Caring for our waterways and ensuring they are clean and healthy is everyone's responsibility. Sadly, the ever-expanding population around the lakes can have a negative impact on their water quality and ecological health.
Tuggerah Lakes has been through three phases of ecological health since European settlement.
Between the 1900s and 1960s, the lakes were famous for their clear waters and their abundance of aquatic plants and seagrass wrack. Unfortunately, back then, we didn't have a good understanding of how our actions could harm the natural environment. However, even though the population of the Central Coast was increasing exponentially and land clearing was rife, the negative impacts hadn't started to show just yet.
In the 1970s and 80s, the Central Coast witnessed another population surge, topped with very poor catchment and sewer management practices. It was not uncommon for sewage to flow directly into the waterways. These actions resulted in a sharp decline in the community's health, yet people still didn't realise that the estuary and the catchment were interlinked.

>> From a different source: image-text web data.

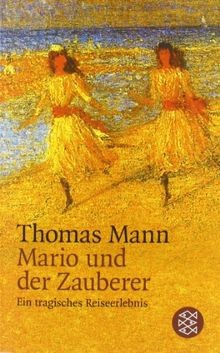 Mario und der zauberer ein - der,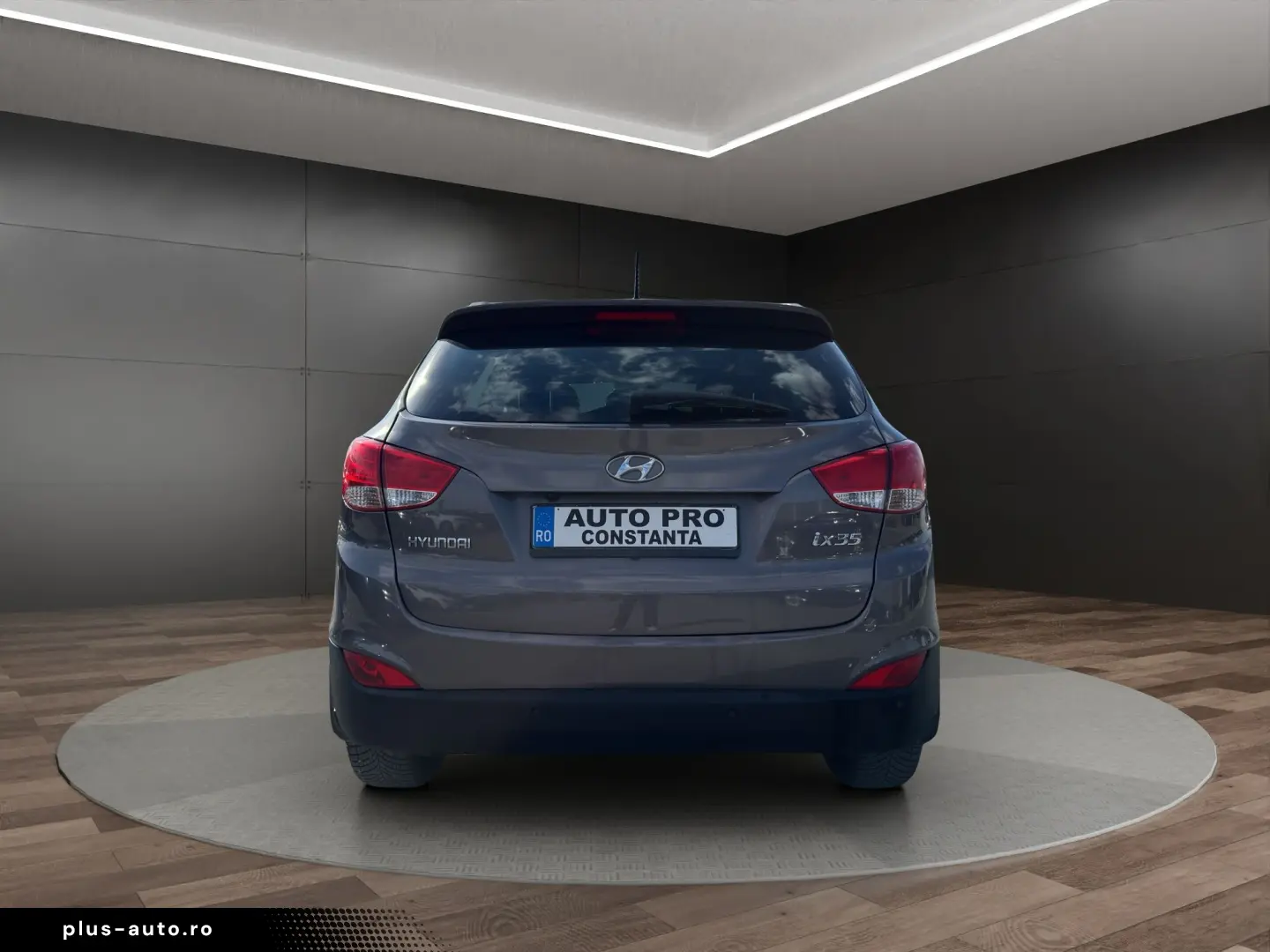 Hyundao ix35 - Garantie! Km. certificati! Rate frara avans!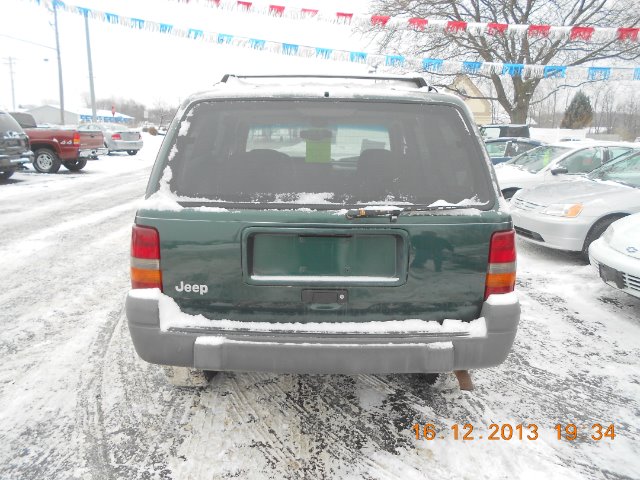 1996 Jeep Grand Cherokee Base W/nav.sys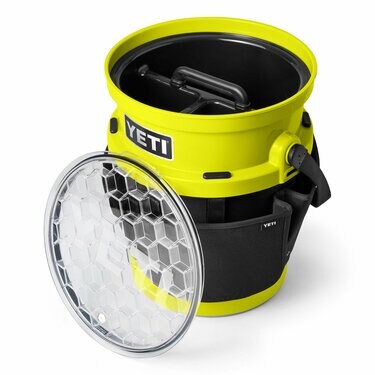 クーラーボックスの「YETI」から “ネオンイエロー” の新コレクション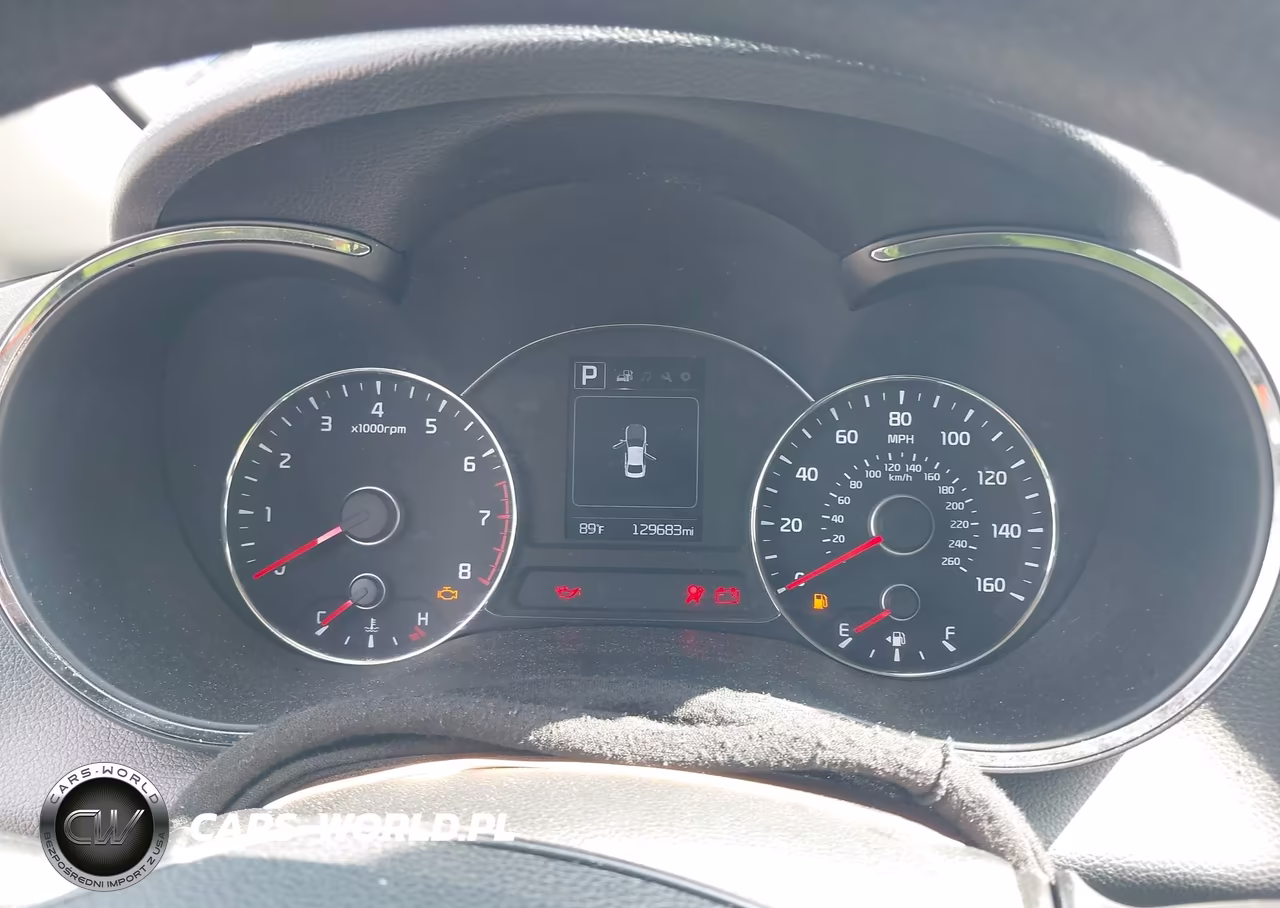 2018 Kia Forte Lx VIN:3KPFL4A72JE203131 - 7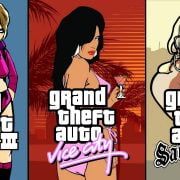 Grant Theft Auto: The Trilogy – The Definitive Edition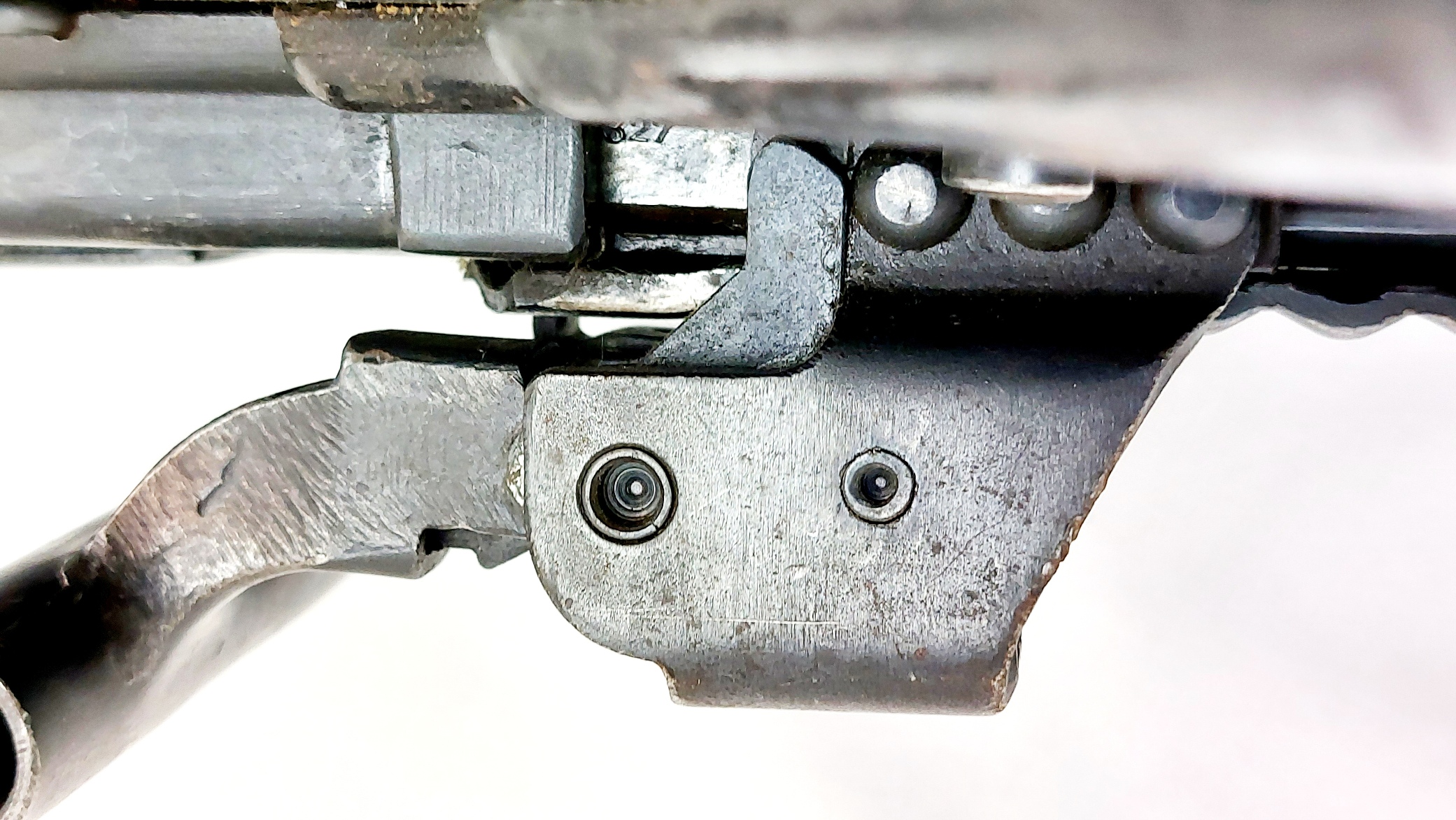 Yugoslavian, Post-War, Zastava M53 (MG 42/53) Machine Gun, Deactivated, with German dfb 1944 Bipod - Image 56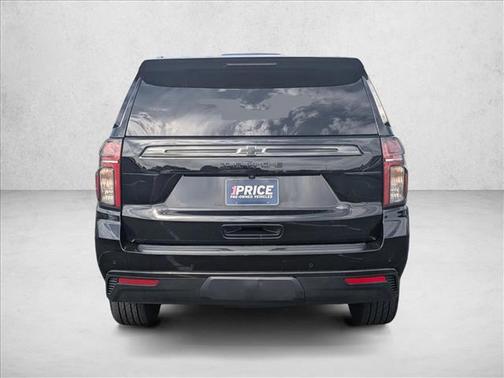 2021 Chevrolet Tahoe 4WD Z71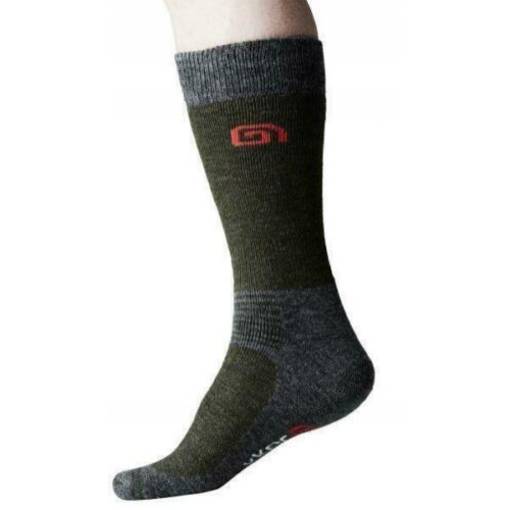 TRAKKER ESSENTIALS MERINO SOCKS 7-9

Throughout the 1980s and 90s, the local population continued to grow. Everyone wanted to live near the water. Consequently, the long-term impacts of poor catchment management started to show. During the Lakes Restoration Project, the foreshores were reclaimed by dredging up the bottom of the lakes, dumping it on the foreshore and capping it with sand. This is but one example of applying a solution to a problem that we didn't fully understand.
Still, there have been a few good outcomes of the era. Reticulation of sewage, which significantly reduced pollution, is one of them. And thanks to several research programs underway, we have started to understand the delicate nature of our waterways better.
The past two decades have seen many ambitious plans come to fruition, along with smarter construction practices, water-sensitive urban design and a move towards more sustainable catchment development. As with every endeavour, there is always room for progress. But the gradual improvement in our water quality is evidence that we are on the right track.
In a fight to keep pollution out of the lakes, Council and its partner organisations have been delivering a range of projects focused on controlling pollution at source. End-of-pipe or temporary, band-aid solutions cannot solve the water quality problems alone, so we try to stop pollution where it comes from - in the catchment.